**Input material:**
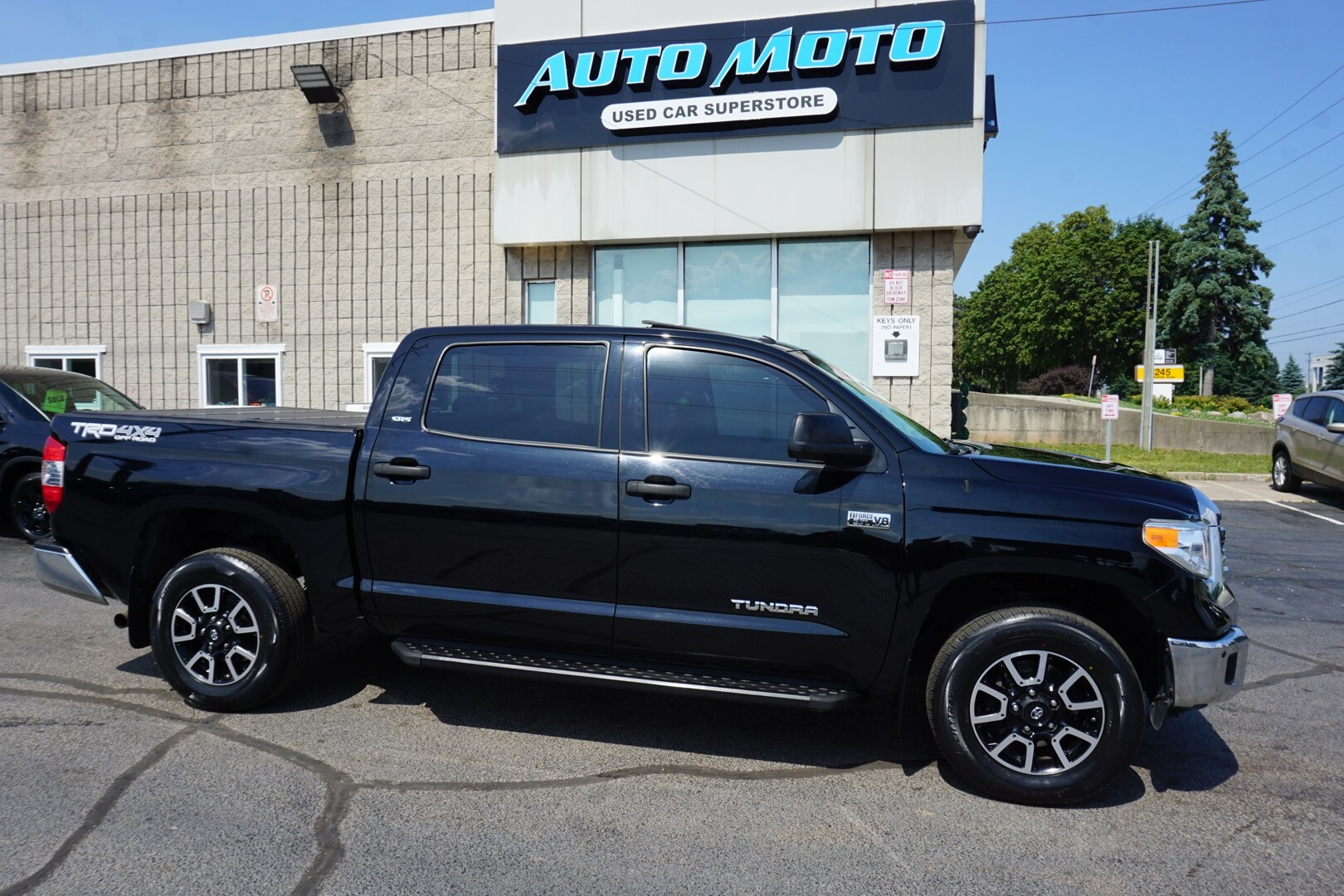 2017 Toyota Tundra 5.7L TRD-OFF ROAD 4WD CREW CERTIFIED *1 OWNER*FREE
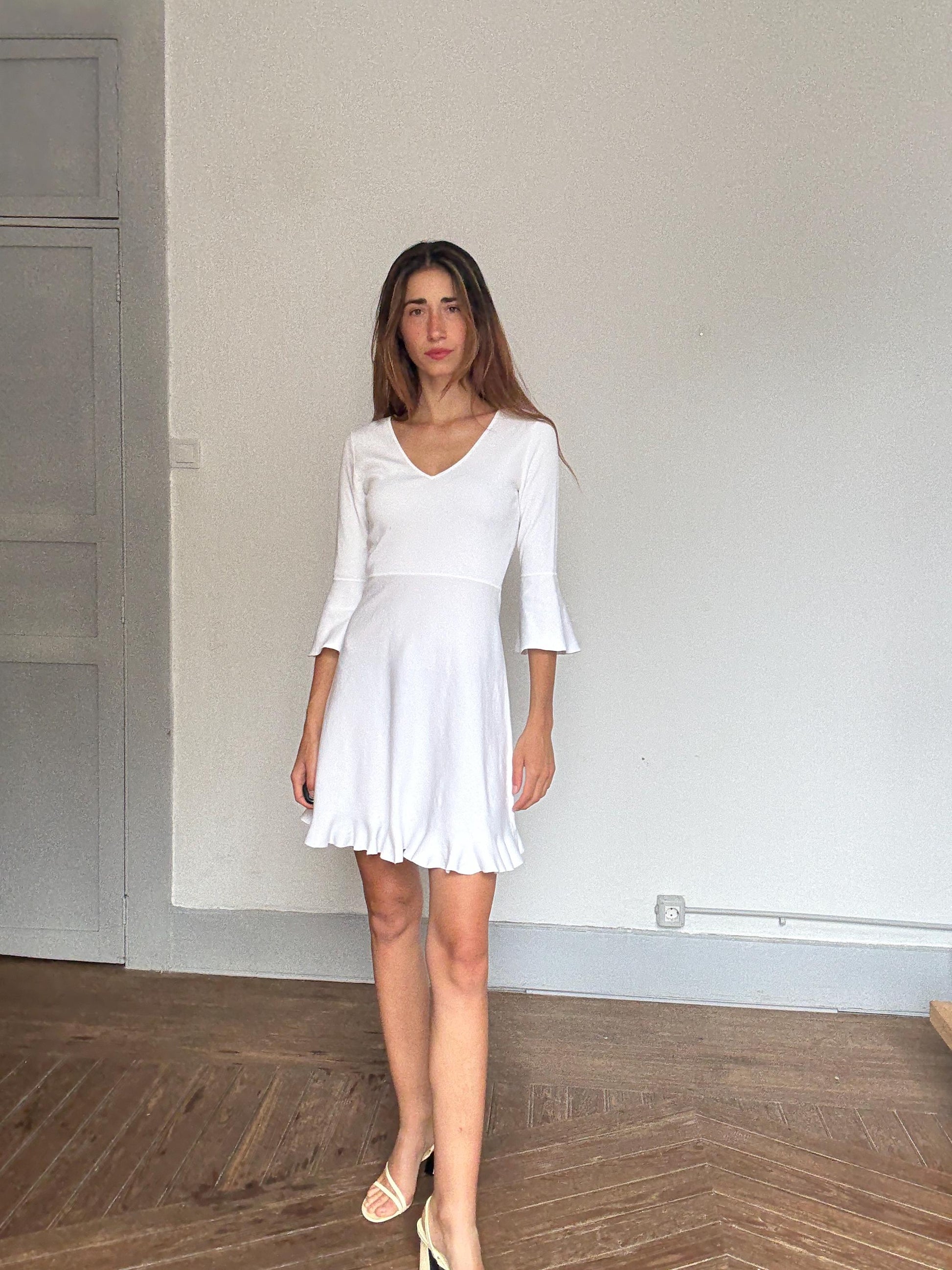 Massimo Dutti white knit flared mini dress M – soft & stretchy, V-neck, ruffle hem, elegant comfy fit, minimal summer outfit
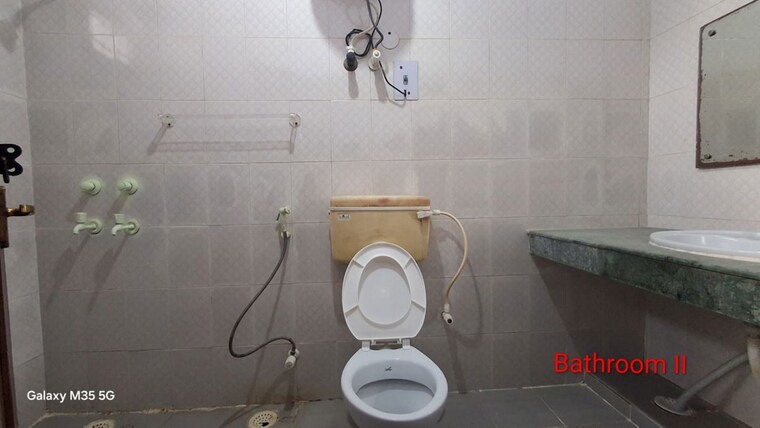 Bathroom, rwa-apartments-sector-51 2 Bedroom 1500 Sq.Ft. Builder Floor In Sector 51 Noida 9800619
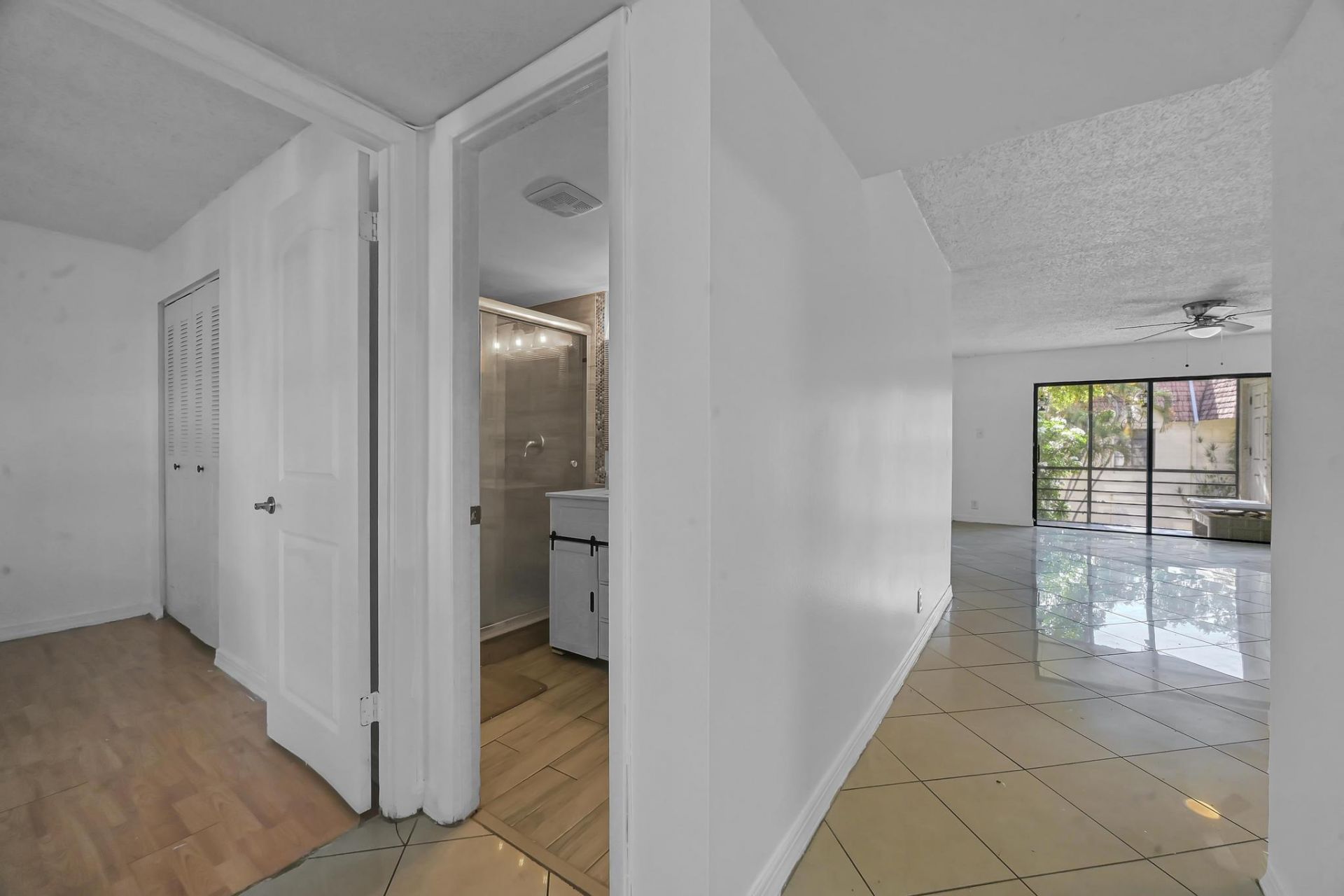 134 S Cypress Road, Unit 425, Pompano Beach, FL 33060 Photo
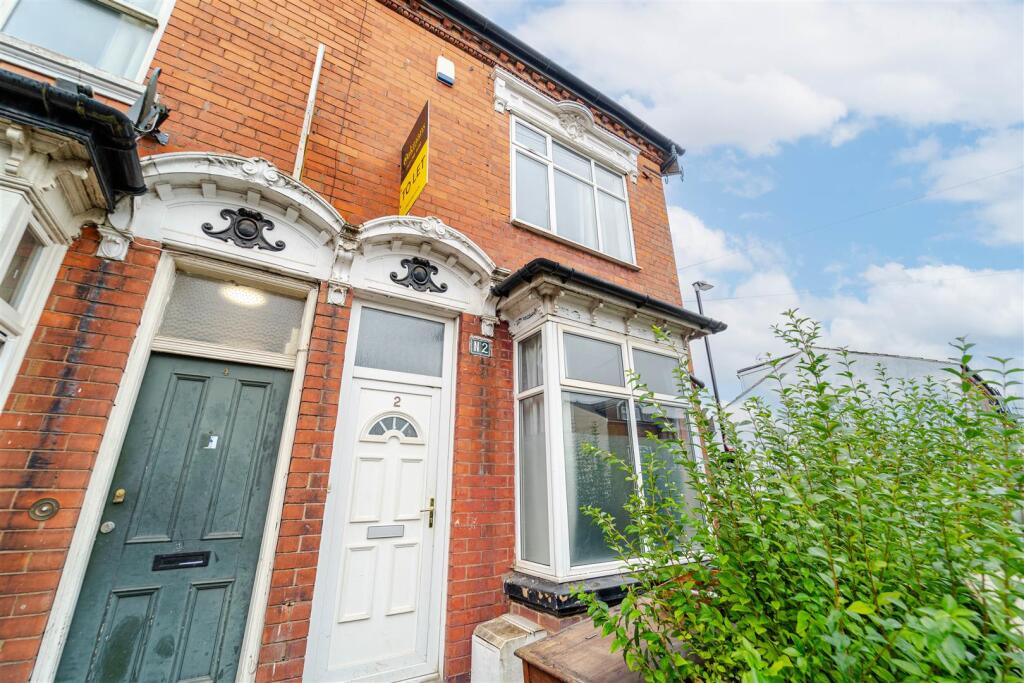 5 bed Detached for rent in Birmingham. From Oakmans Estate Agents - Student Lettings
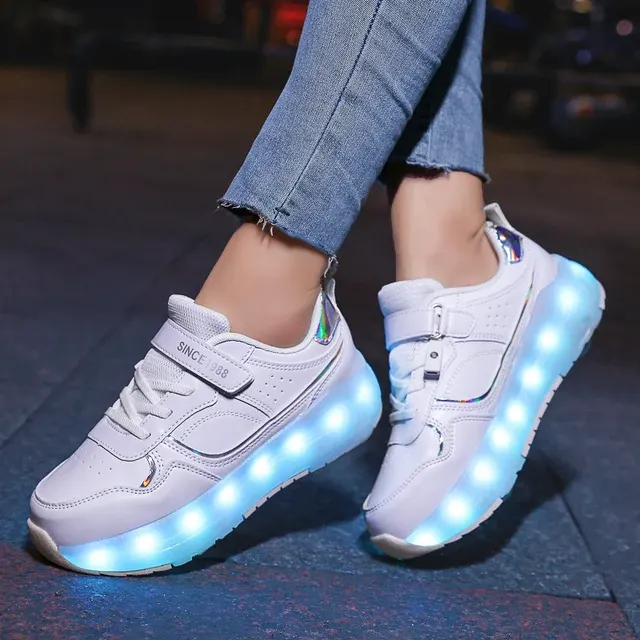 Leuchtende Rollschuhe 2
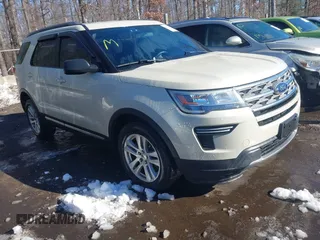 2018 Ford Explorer XLT with VIN 1FM5K8D81JGA18090, listed as a IAAI auction lot 41316187 with 136,199 mi miles and . Bid and sale history available at carsss.com. Image 1.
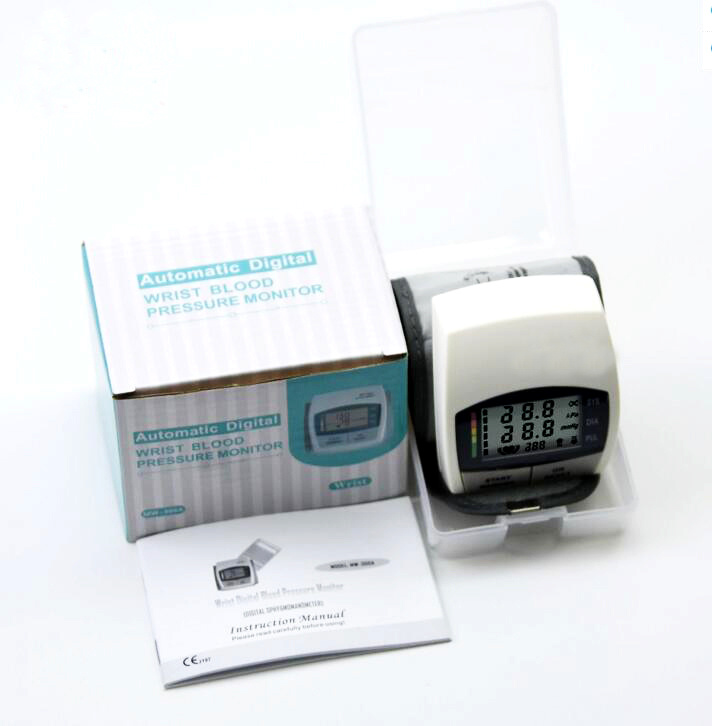 Electric Wrist Sphygmomanometer with FDA Approved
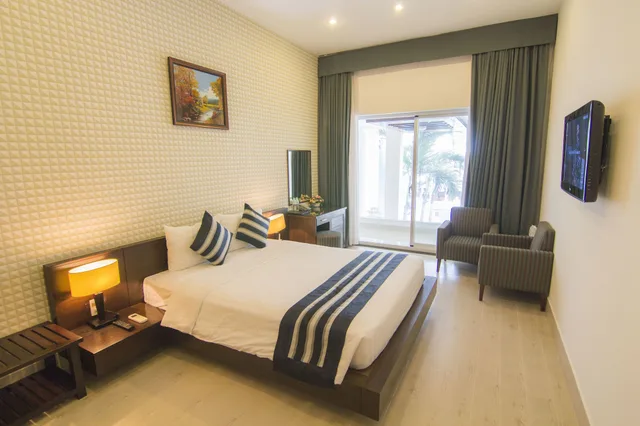 غرفة شهر العسل بسرير مزدوج بشرفة، Ngoc Linh Luxury Hotel 7/10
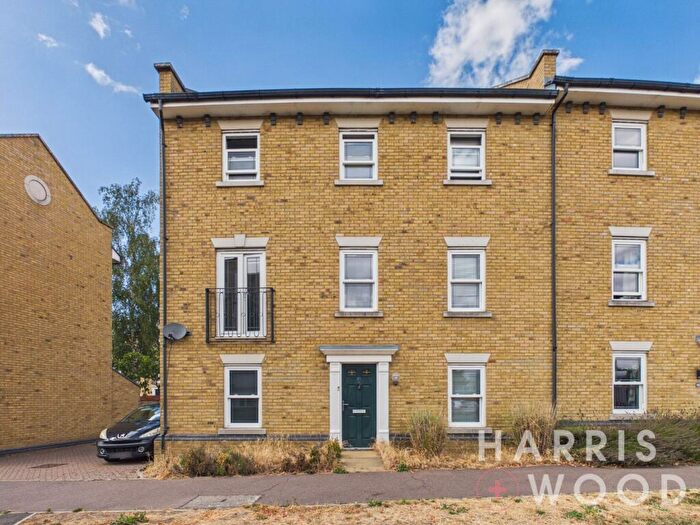 5 Bedroom End Of Terrace House For Sale In Tufnell Way, Colchester, Essex, CO4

**What to do:** Starting at the line with "Leuchtende Rollschuhe 2" and stopping at the final line of the material, reproduce each line exactly, both ends included. Leave the pictures out.

**Response box:**
 Leuchtende Rollschuhe 2
 2018 Ford Explorer XLT with VIN 1FM5K8D81JGA18090, listed as a IAAI auction lot 41316187 with 136,199 mi miles and . Bid and sale history available at carsss.com. Image 1.
 Electric Wrist Sphygmomanometer with FDA Approved
 غرفة شهر العسل بسرير مزدوج بشرفة، Ngoc Linh Luxury Hotel 7/10
 5 Bedroom End Of Terrace House For Sale In Tufnell Way, Colchester, Essex, CO4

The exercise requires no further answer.